Now, this may be seriously unwise. Like a portfolio, one’s digital assets and services may be safest and best utilized when highly diversified. Moreover, it’s almost literally putting one’s eggs in a single basket: what if that basket breaks? What if the one company you trust goes bust, or has its security compromised, or finds itself more loyal to another country’s interests than one’s own, so on and so forth?

All granted. This may be a foolish endeavor. That’s why I’m thinking out loud.

But supposing it’s not foolish, it seems to me that the simplest thing to do, in my case, would be to double down on Apple. Apple does hardware and software. They do online storage. They do TV and movies. They do music and podcasts. They’re interoperable. They have Maps and email and word processors and slideshows and the rest — or, if I preferred, I could always use third-party software for such needs (for example, I already use Firefox, not Safari or Chrome).

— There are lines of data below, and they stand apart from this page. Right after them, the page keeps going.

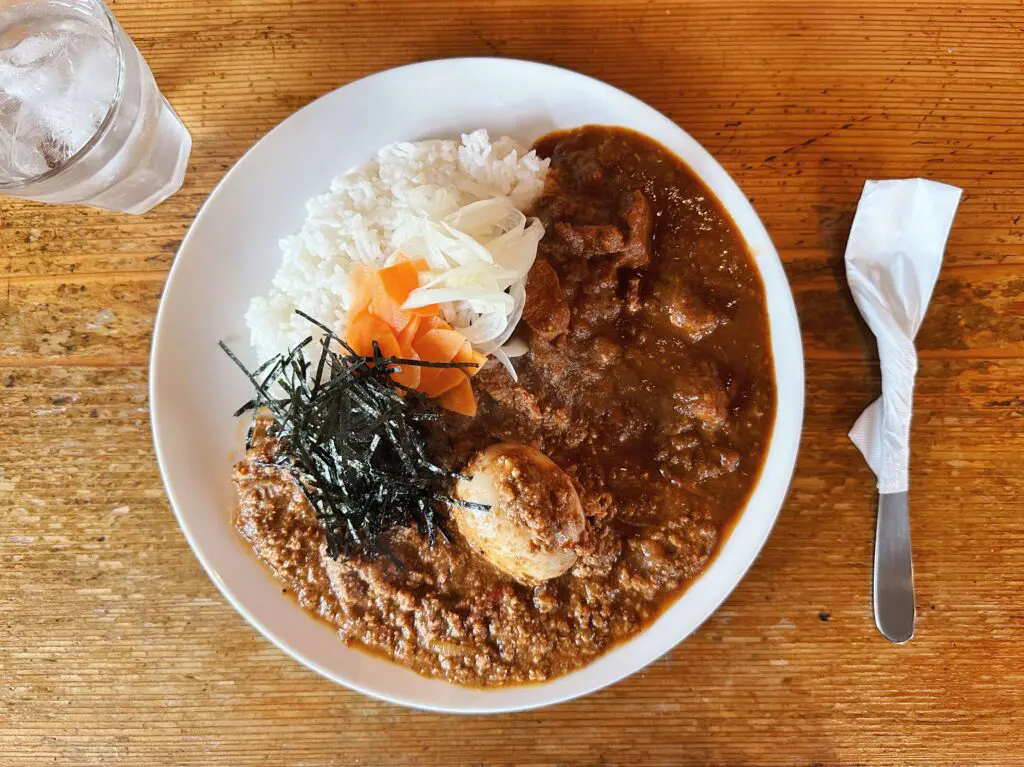 食後はスッキリ爽快！ 中毒者続出の「食べるサウナ」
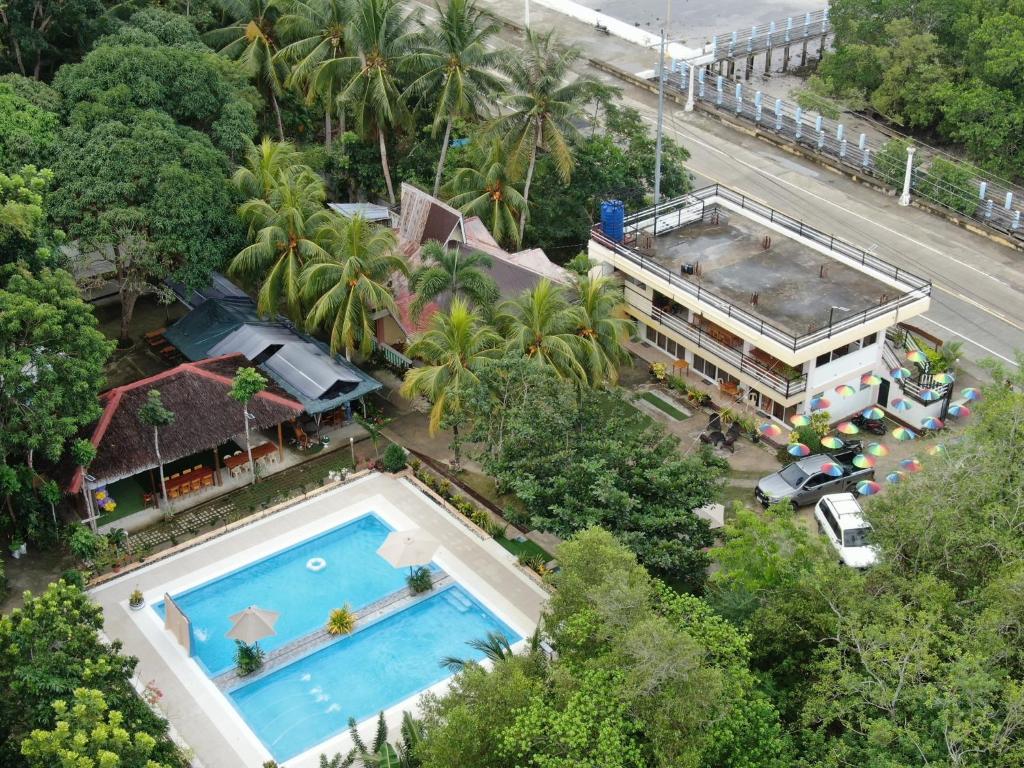 Dumalaay Coastline Resort - Enrique Villanueva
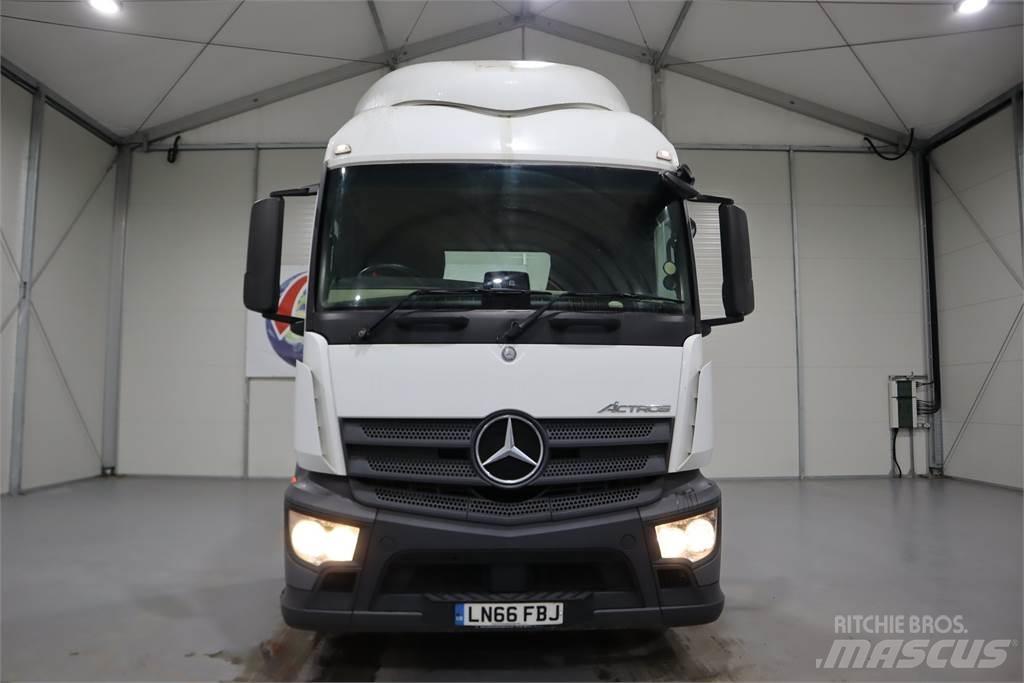 Mercedes-Benz ACTROS 1843 Sadulveokid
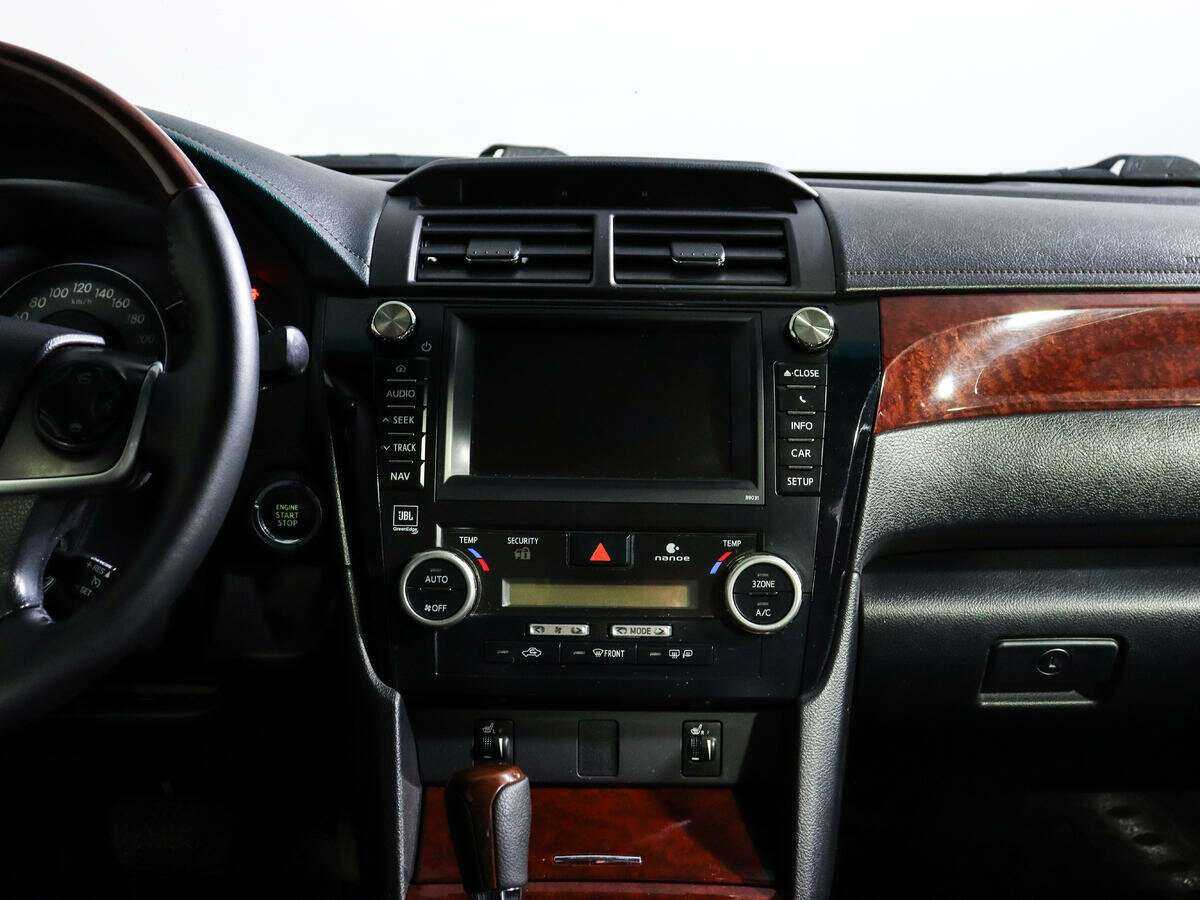 Купить Toyota Camry с пробегом. Фото: #10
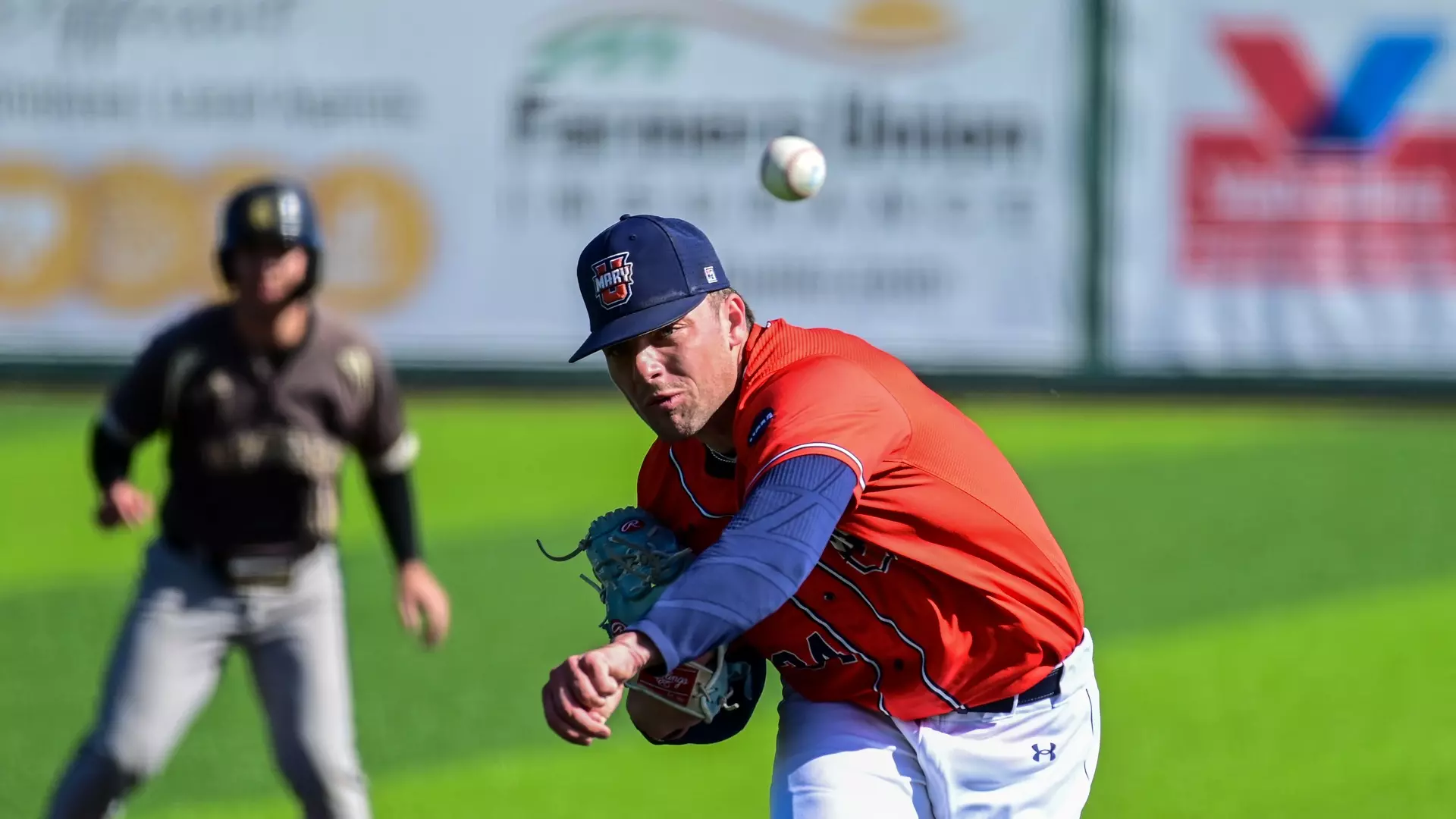 Justin Hanson delivers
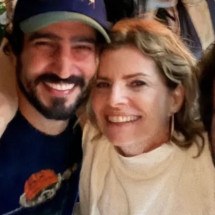 Debora Bloch comemora 62 anos com elenco de 'Vale tudo' - Instagram/ Reprodução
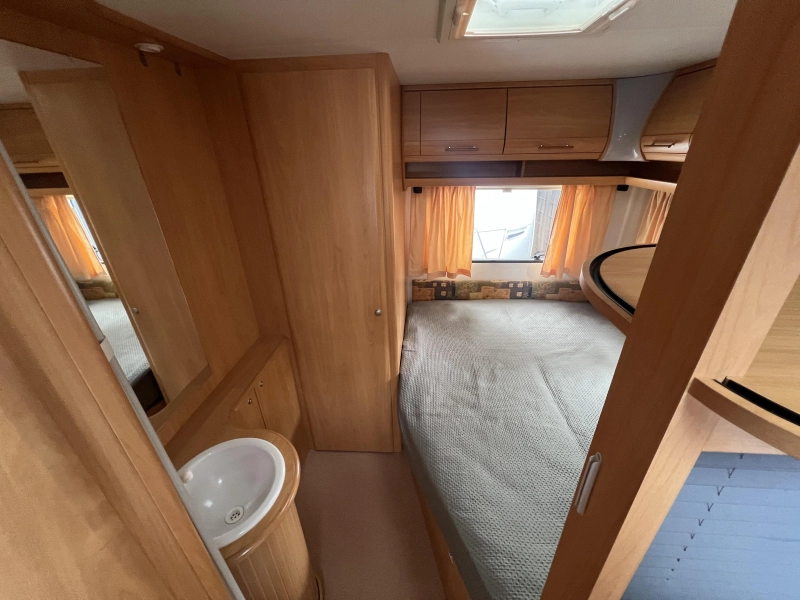 Chateau Cantara 450 CT Voortent, Fransbed  foto: 6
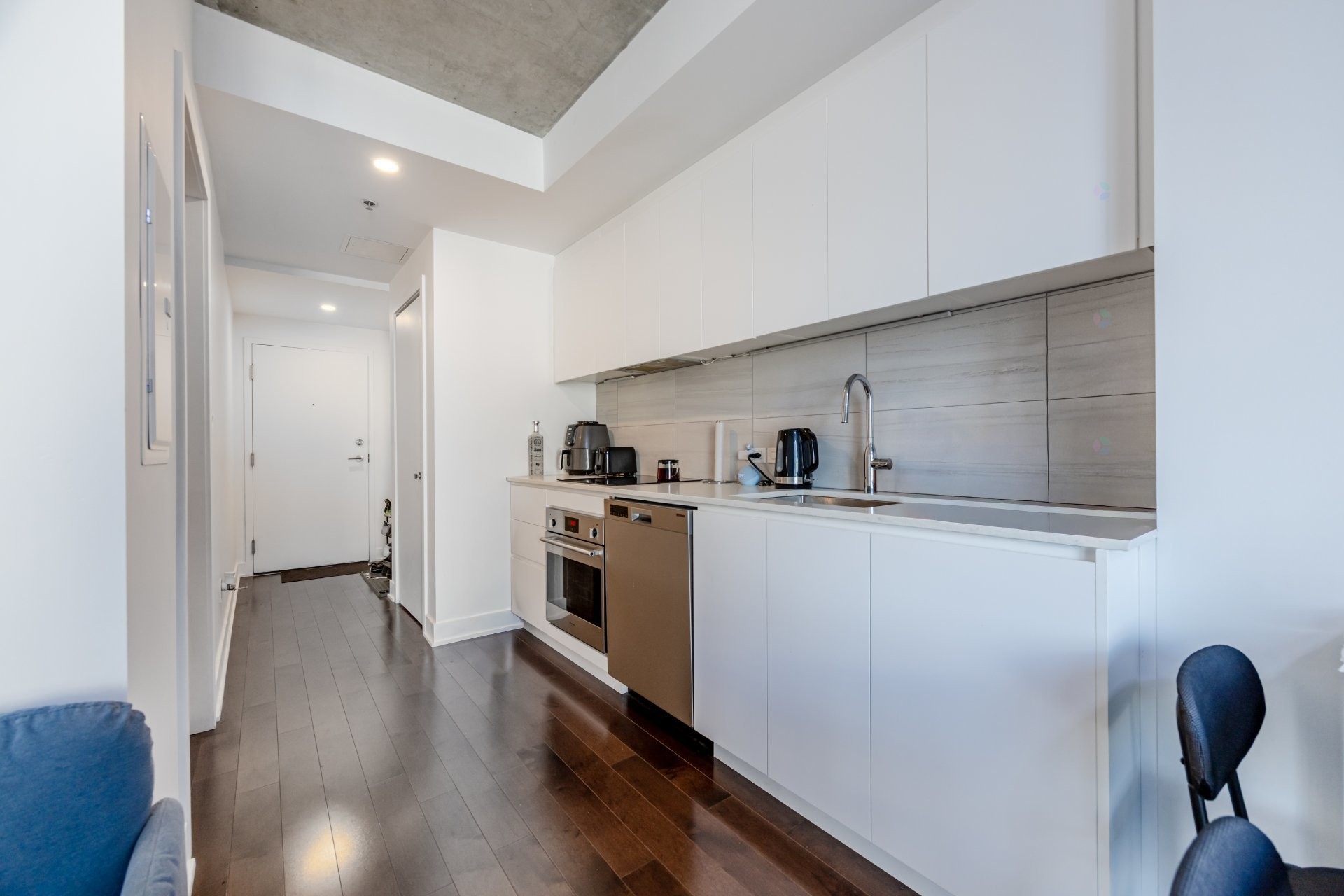 









2300


Rue Tupper

, 803,
Montréal (Ville-Marie),




QC
H3H0B9


He then explains how he could/would do this if he thinks about it.

Since I am killing time waiting with my family in the airport, I sent him a quick email back — Brad has been bugging me to write up some thoughts this direction for years, and this finally did the trick, though not quite in the form he asked for. What follows is my 100% unedited email to him: strongly affirming the plan!

Spoilers: what you outline there is more or less what I have done. You could go further by going for Linux machines and open source sync etc., but the falloff in quality is severe. I find the tradeoff of “Basically use Apple stuff” to be a pretty decent one at present: the hardware and software is best in class, the ecosystem smaller but much higher quality than what you find for almost everything on Windows, and the privacy setup is much better for an average person. (You can do better on privacy with Linux and Android, but the effort level is high and the costs to UX even higher, and they don’t matter unless you work for the CIA or are a missionary in an extremely closed country or something like that.)

On Amazon: we swore it off almost a decade ago, and we haven’t missed it much, to be honest. The more so as it has turned into a giant pile of junk from third-party vendors over time. Amazon TV is th one sort of useful thing, mostly for The Expanse… which is now over. (I think I will watch S2 of The Wheel of Time and The Rings of Power, but think” tells you how strong my endorsement is not.)

Bonus of getting off of Microsoft: Keynote is much better than Powerpoint.

And if you switched to a plain text format for writing (Markdown most likely), you’d have something much more portable forever as an authoring format–-with the tradeoff of needing some tools get from that format into something you can send to a journal/do revisions on/etc. Given the shape of your field, I suspect actually getting out of Word entirely (rather than just at a personal/familial level) would be the hardest bit, just because that’s how revisions and collaborations so often get done. Jacobs wrote about this dynamic a while back, though: he (like me) lives in plain text as long as possible and then switches over to Word only for the revisions-with-an-editor phase.

If you want off of Gmail, bite the one-time bullet of (a) switching to a new provider, (b) migrating everything, (c) forwarding everything in perpetuity, and (d) setting up an auto-responder to tell people about the change of email address. You probably don’t want to actually kill the address–-too much stuff tied to it, in my experience–-but you can steadily move account references off of it. Bonus: point everything to brad@bradeast.org or hello@bradeast.org or something along those lines when you do that, and then it does not matter who your email provider is. If you want a recommendation (and a referral link!): I use and am extremely satisfied with Fastmail, which I have been using since 2014 or so.

Long story short: I approve!

Also… I realize that you basically nerd sniped me into a first draft of the post you started bugging me about all those years ago.